◆ **What needs to be done**: Transcribe only the lines in the data below falling between the line with "Buddha necklace (Front)" and the line with "Moose Stone Fetish, by Salvador Romero", including those two lines, and leave out any picture.

━━━ Data

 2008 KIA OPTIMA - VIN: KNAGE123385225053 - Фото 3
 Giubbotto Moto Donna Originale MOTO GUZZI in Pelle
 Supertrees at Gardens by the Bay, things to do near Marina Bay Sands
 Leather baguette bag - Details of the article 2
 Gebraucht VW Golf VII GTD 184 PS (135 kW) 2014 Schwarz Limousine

━━━━━━
━━━ Data

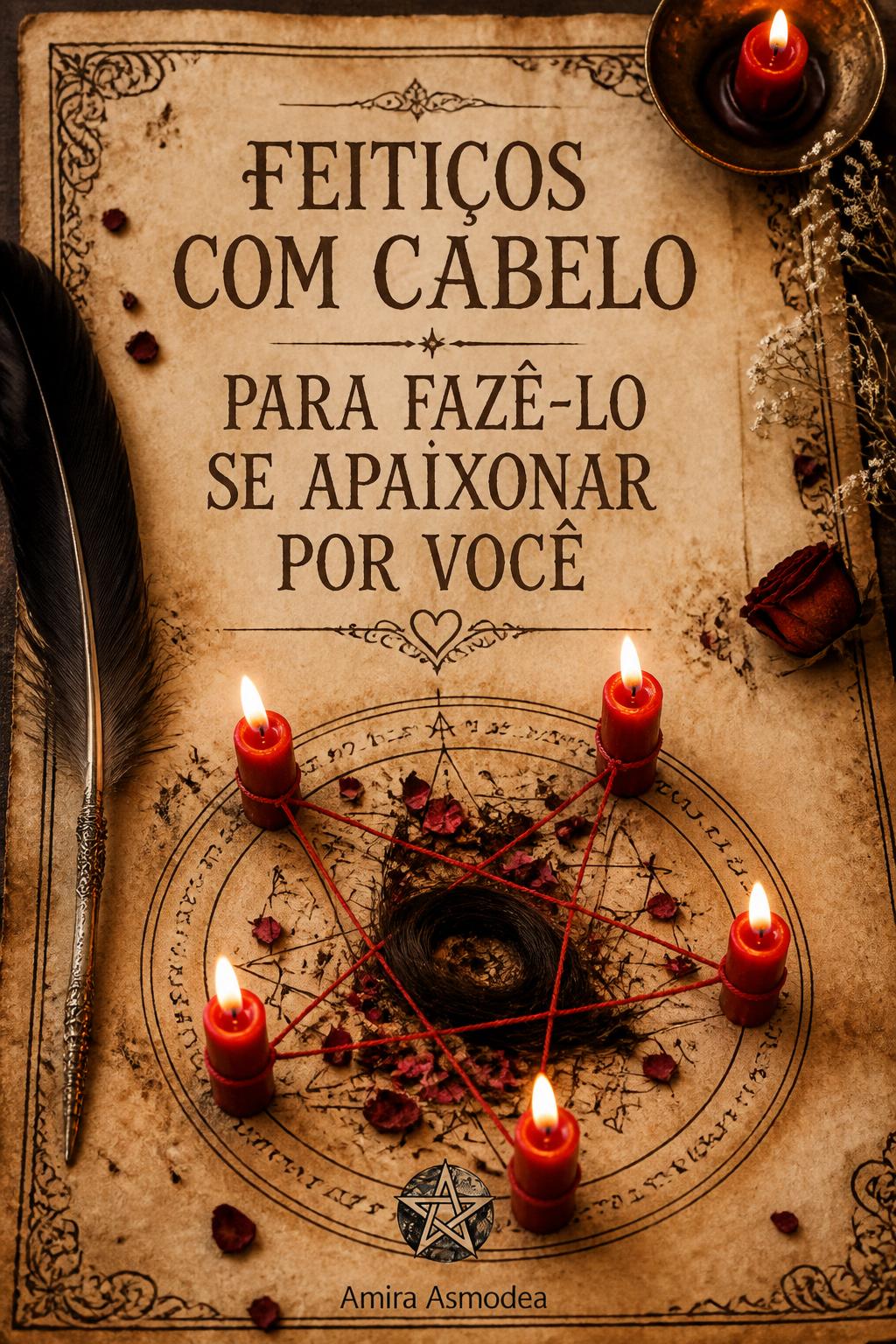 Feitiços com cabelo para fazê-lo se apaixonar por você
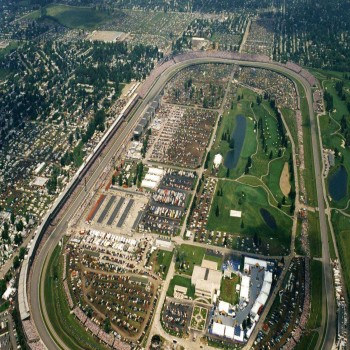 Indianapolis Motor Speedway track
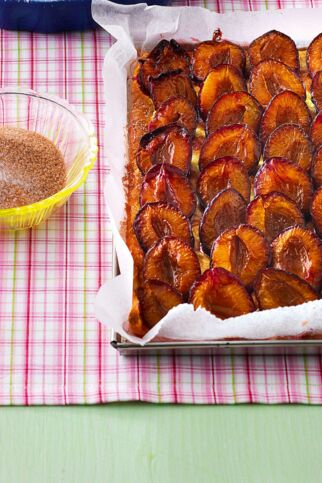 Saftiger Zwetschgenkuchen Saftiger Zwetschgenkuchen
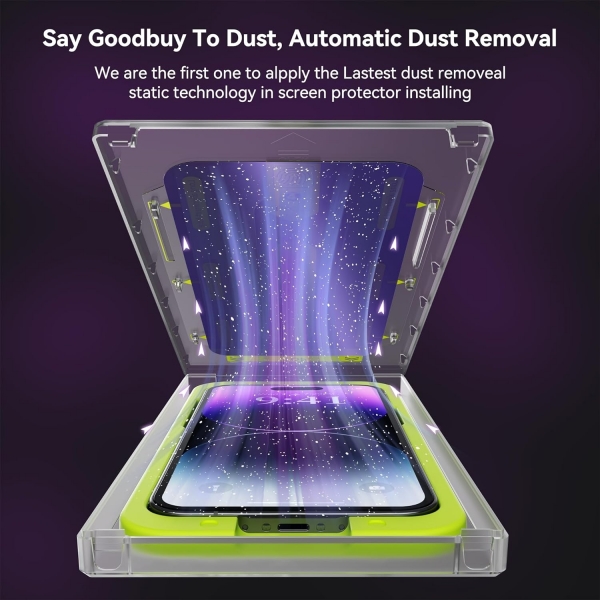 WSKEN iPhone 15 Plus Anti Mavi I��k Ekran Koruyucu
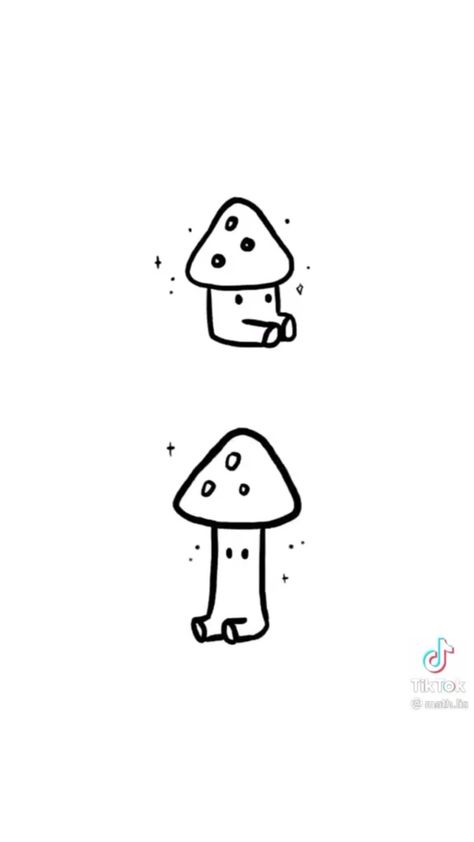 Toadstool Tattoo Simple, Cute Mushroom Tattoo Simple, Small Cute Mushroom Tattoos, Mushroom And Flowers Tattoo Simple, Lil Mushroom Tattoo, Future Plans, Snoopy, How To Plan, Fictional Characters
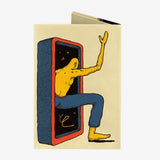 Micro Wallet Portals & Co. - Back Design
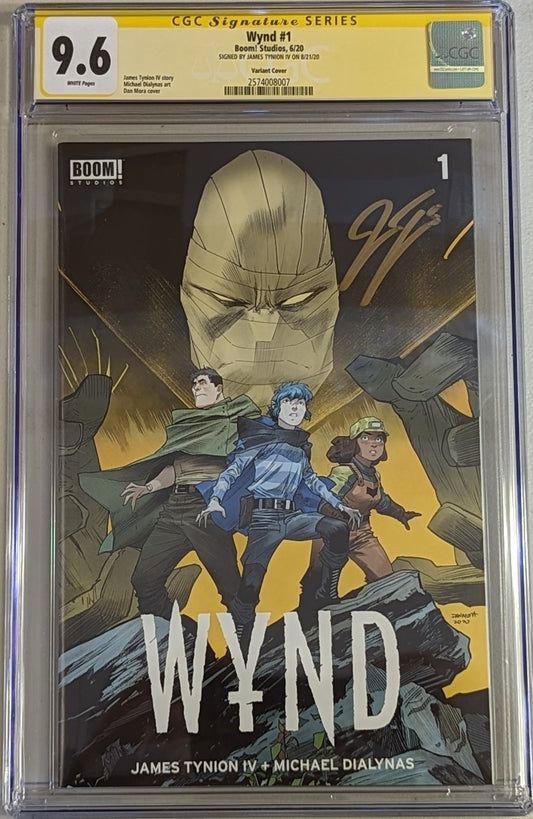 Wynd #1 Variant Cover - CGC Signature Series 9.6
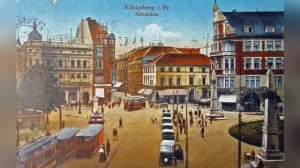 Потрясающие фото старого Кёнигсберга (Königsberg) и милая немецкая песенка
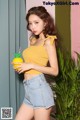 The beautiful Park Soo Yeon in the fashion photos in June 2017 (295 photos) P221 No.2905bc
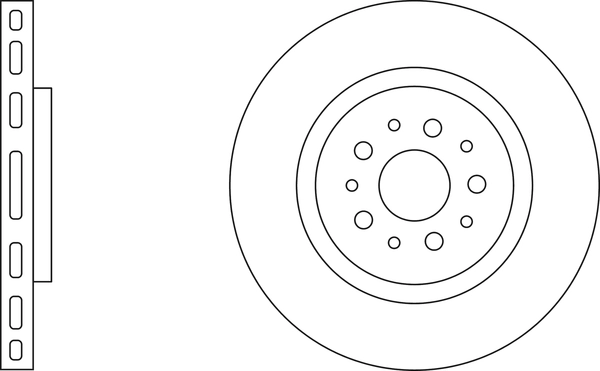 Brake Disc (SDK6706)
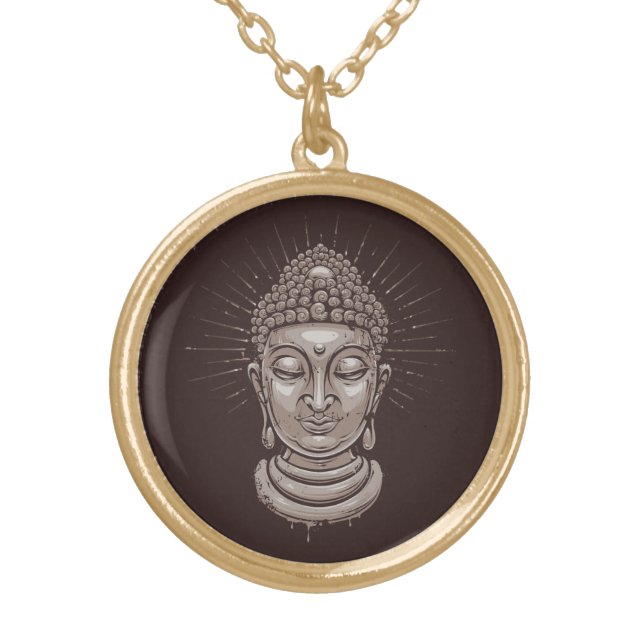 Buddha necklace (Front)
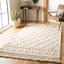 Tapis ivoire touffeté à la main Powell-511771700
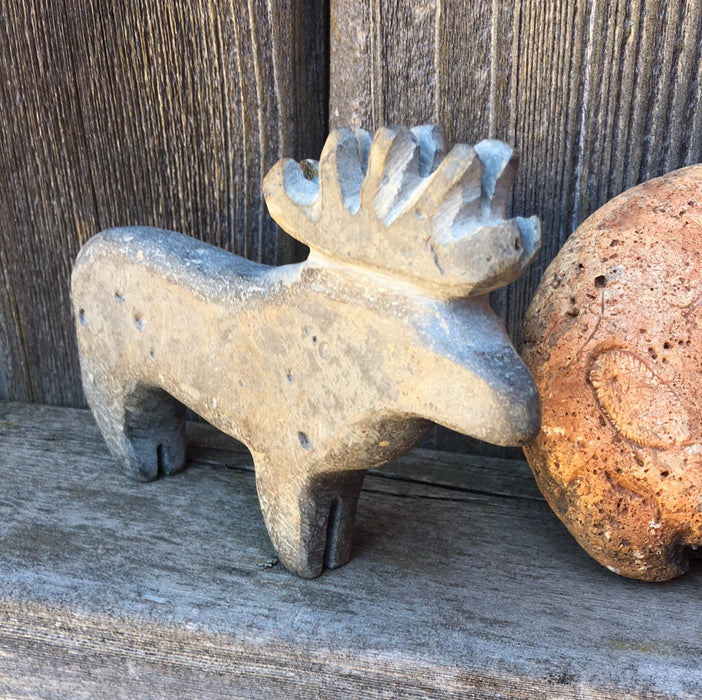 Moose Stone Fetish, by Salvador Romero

━━━━━━
━━━ Data

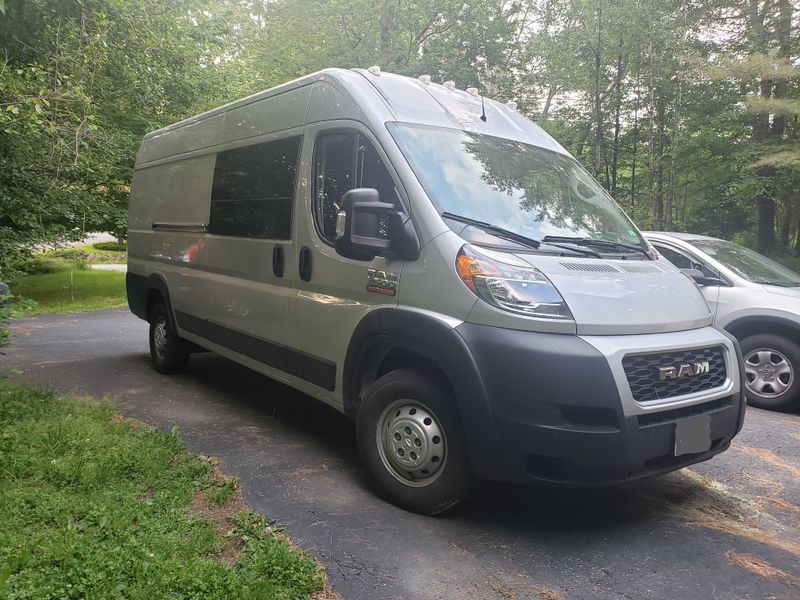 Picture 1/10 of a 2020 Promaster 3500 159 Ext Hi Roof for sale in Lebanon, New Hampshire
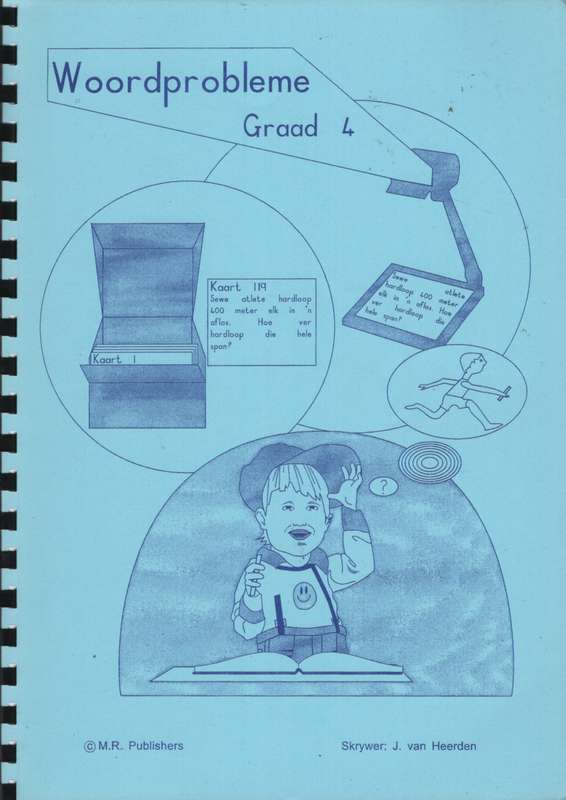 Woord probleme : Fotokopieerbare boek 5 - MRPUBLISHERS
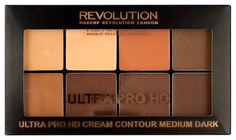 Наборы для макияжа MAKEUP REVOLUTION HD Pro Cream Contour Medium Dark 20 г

━━━━━━

◆ **Solution**:
 Buddha necklace (Front)
 Tapis ivoire touffeté à la main Powell-511771700
 Moose Stone Fetish, by Salvador Romero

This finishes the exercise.